------ SOURCE DATA

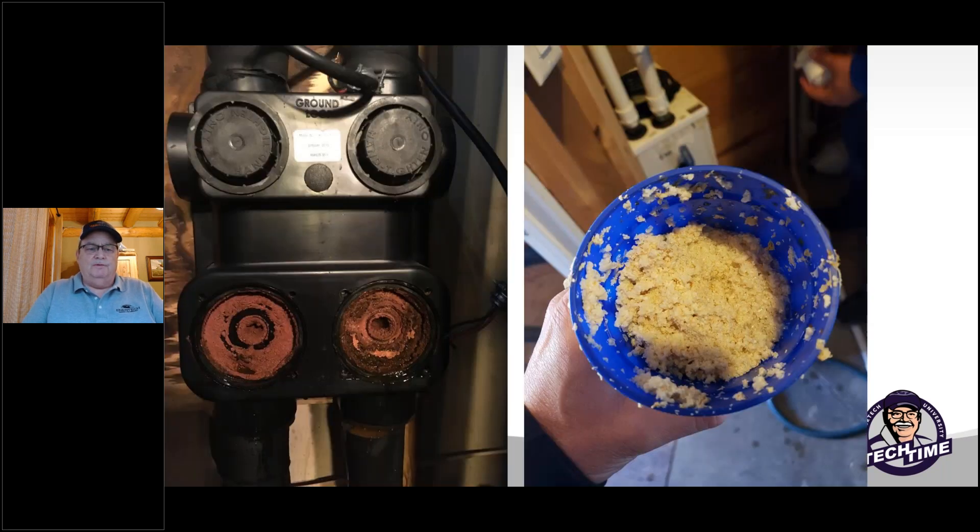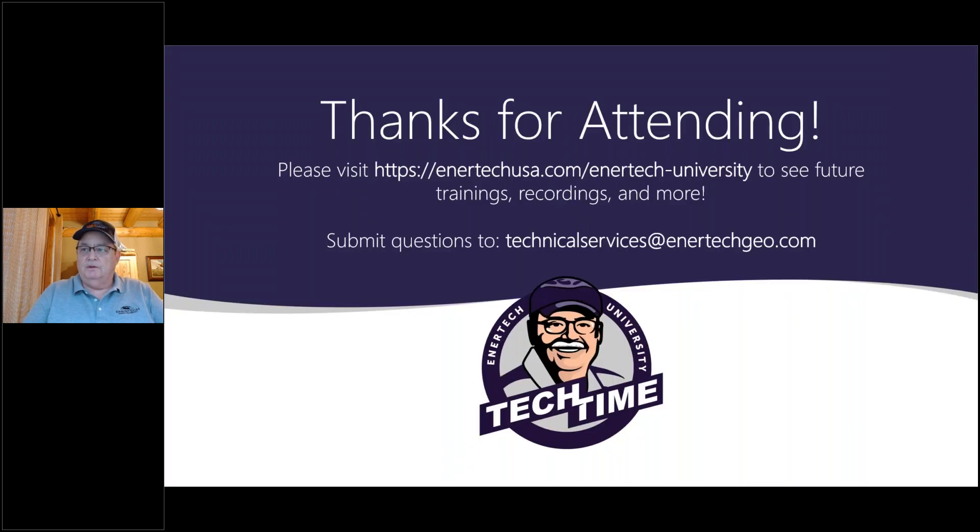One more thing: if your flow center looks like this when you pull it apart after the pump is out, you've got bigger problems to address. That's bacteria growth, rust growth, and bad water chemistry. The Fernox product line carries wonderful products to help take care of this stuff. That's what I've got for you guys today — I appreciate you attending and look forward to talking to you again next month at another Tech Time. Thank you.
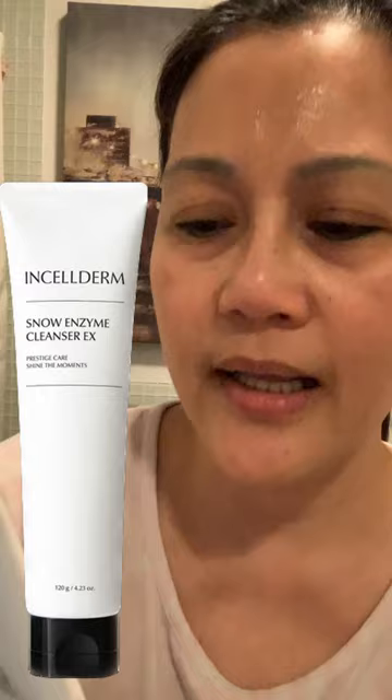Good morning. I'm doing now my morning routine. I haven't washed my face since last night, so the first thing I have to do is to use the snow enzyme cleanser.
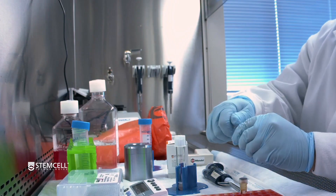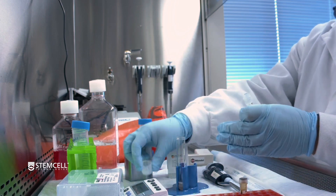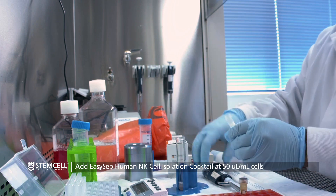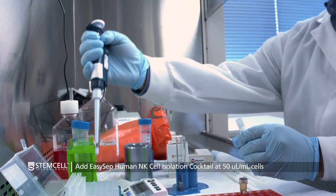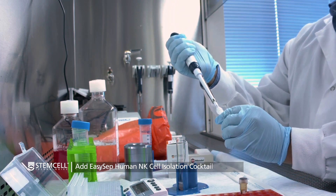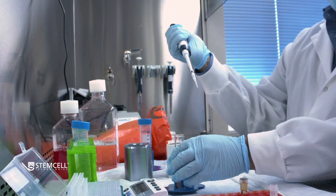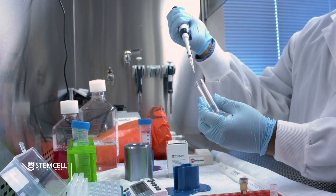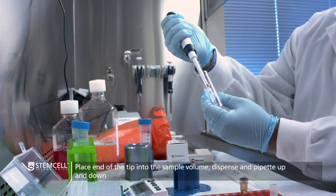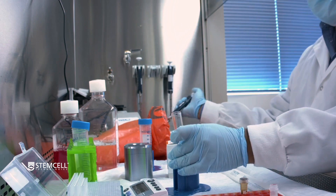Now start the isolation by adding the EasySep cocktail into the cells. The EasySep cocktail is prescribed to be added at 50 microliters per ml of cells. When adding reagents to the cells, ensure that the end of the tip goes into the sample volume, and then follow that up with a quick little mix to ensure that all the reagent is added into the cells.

------------

**YOUR TASK:** Every line above must be printed again exactly, pictures excluded.

**SOLUTION TO THIS PROBLEM:**
One more thing: if your flow center looks like this when you pull it apart after the pump is out, you've got bigger problems to address. That's bacteria growth, rust growth, and bad water chemistry. The Fernox product line carries wonderful products to help take care of this stuff. That's what I've got for you guys today — I appreciate you attending and look forward to talking to you again next month at another Tech Time. Thank you.
Good morning. I'm doing now my morning routine. I haven't washed my face since last night, so the first thing I have to do is to use the snow enzyme cleanser.
Now start the isolation by adding the EasySep cocktail into the cells. The EasySep cocktail is prescribed to be added at 50 microliters per ml of cells. When adding reagents to the cells, ensure that the end of the tip goes into the sample volume, and then follow that up with a quick little mix to ensure that all the reagent is added into the cells.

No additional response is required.